The IASB has recently issued a number of papers with proposed amendments to reporting standards. Although these amendments are not yet finalised it is important to take note of these proposed changes.
The ‘disclosure problem’ includes the following three main concerns about disclosures in the financial statements:
- Not enough relevant information – this could lead to investing or lending decisions
- Irrelevant information – this can obscure relevant information and reduce understandability
- Ineffective communication – this can reduce understandability of financial statements
The preliminary proposed developments include the following:
- Development of disclosure principles either in amendments to IAS 1 or in a new general disclosure standard
- Development of principles of effective communication that entities should apply when preparing the financial statements (either in a general disclosure standard or issued as non-mandatory guidance)
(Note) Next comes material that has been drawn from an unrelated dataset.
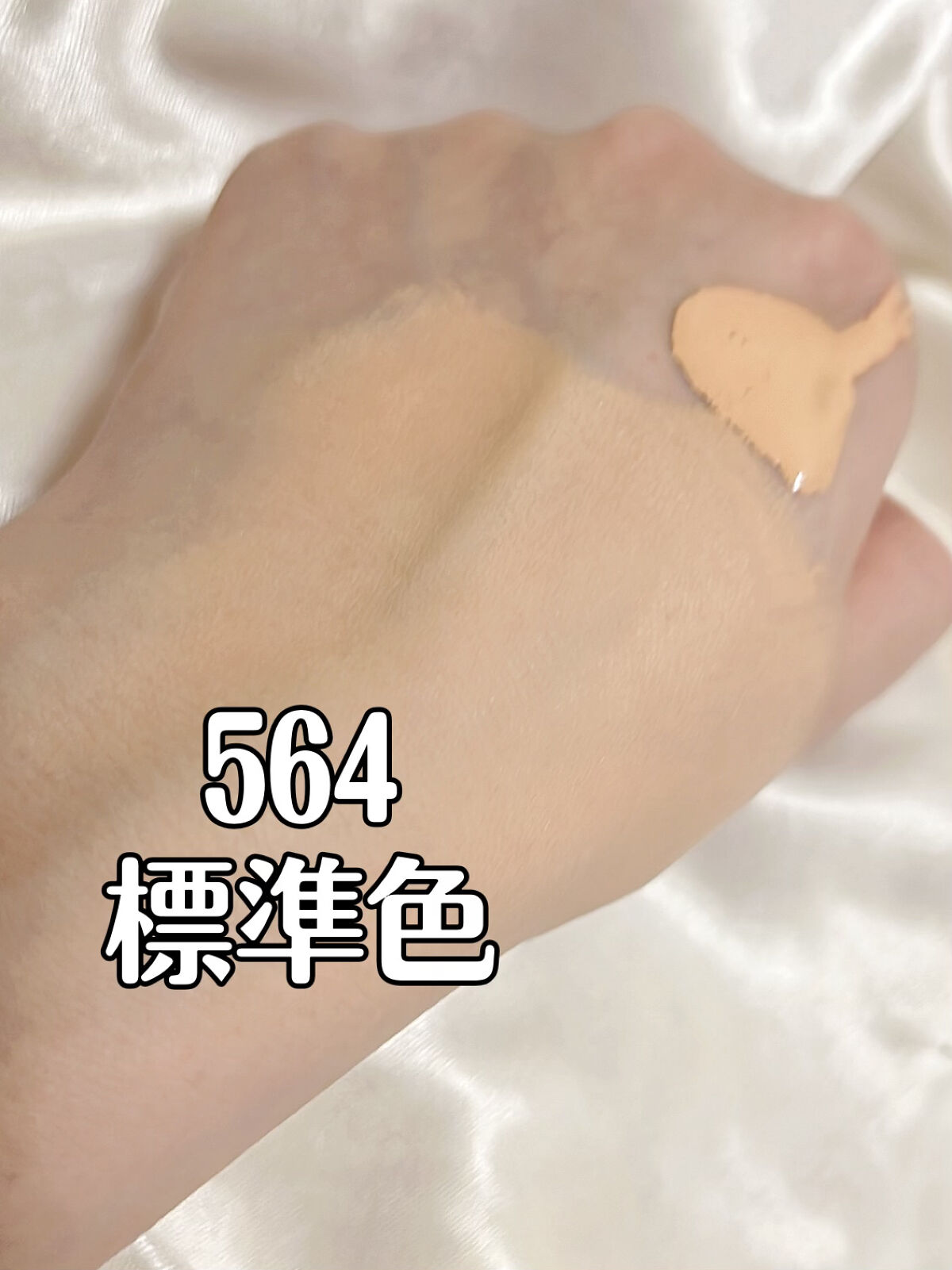 （旧）アンリミテッド ラスティング フルイド/shu uemura/リキッドファンデーションを使ったクチコミ（2枚目）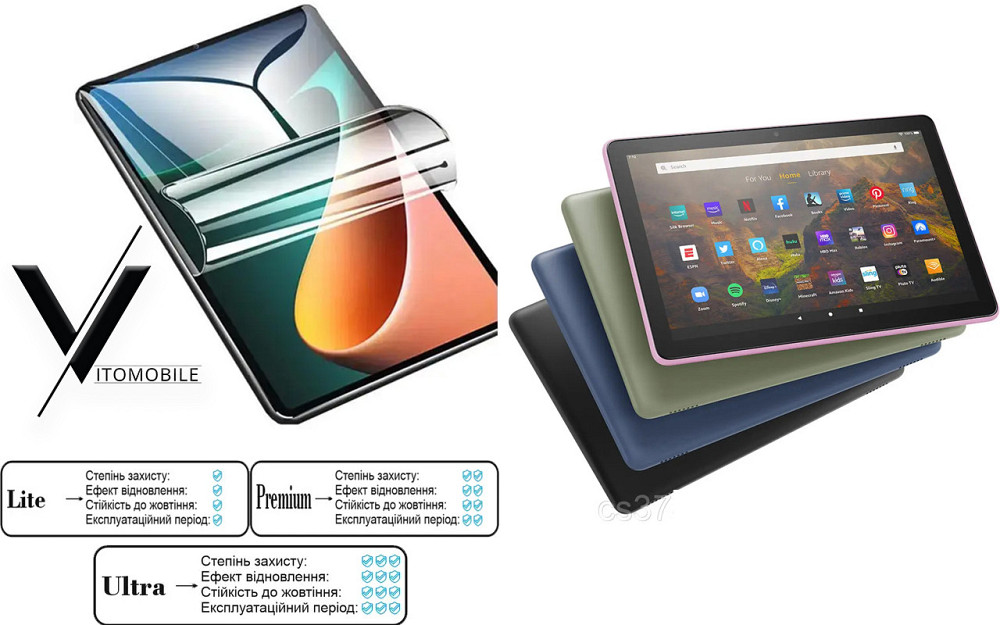 Поліуретанова плівка HyperClear Guard для Amazon Fire Hd 10 (11Th Gen. 2021) Premium Київ - фото 1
- The general disclosure standard should:
o specify that the ‘primary financial statements’ are the statements of financial position, financial performance, changes in equity and cash flows;
o describe the role of primary financial statements and the implications of that role
o describe the role of the notes and include the guidance on the content of the notes
o include a principle that an entity can provide information that is necessary to comply with IFRS Standards outside financial statements if the information meets the necessary requirements
o any specific information that is inconsistent with IFRS should be required to be identified or should be prohibited from being included in the financial statements
IFRS 9 Financial Instruments
IFRS 9.B4.1.11(b) states that the prepayment of a debt instrument at an amount that includes ‘reasonable additional compensation’ for the early termination of the instrument results in contractual cash flows that are solely payments of principal and interest on the principal amount outstanding. The issue is whether the term ‘compensation’ includes negative compensation, i.e. where the party exercising the option receives compensation from, as opposed to paying compensation to, the other party for early termination.
The proposed amendment includes a narrow-scope exception to IFRS 9 to allow a prepayable financial asset to be measured at amortised cost if:
the financial asset would otherwise meet the requirements of IFRS 9.B4.1.11(b) but fails it only because the option holder may receive reasonable additional compensation for early termination; and
the fair value of the prepayment feature is insignificant when the entity initially recognises the financial asset.
IFRS 8 Operating Segments
The following amendments have been proposed:
- emphasise that the chief operating decision maker is a function that makes operating decisions and decisions about allocating resources to, and assessing the performance of, the operating segments of an entity;
- add to the existing requirements an explanation that the chief operating decision maker may be either an individual or a group;
- explain the role of non-executive members when identifying an entity’s chief operating decision maker;
- require the disclosure of the title and description of the role of the individual or the group that is identified as the chief operating decision maker;
- require an explanation in the notes to the financial statements when segments identified by an entity differ between the financial statements and other parts of its annual reporting package;
- add further examples of similar economic characteristics to the aggregation criteria in paragraph 12A of IFRS 8;
- clarify that an entity may disclose segment information in addition to that reviewed by, or regularly provided to, the chief operating decision maker if that helps the entity to meet the core principle in paragraphs 1 and 20 of the Standard; and
- clarify that the explanations of reconciling items shall be given with sufficient detail to enable users of financial statements to understand the nature of the reconciling items.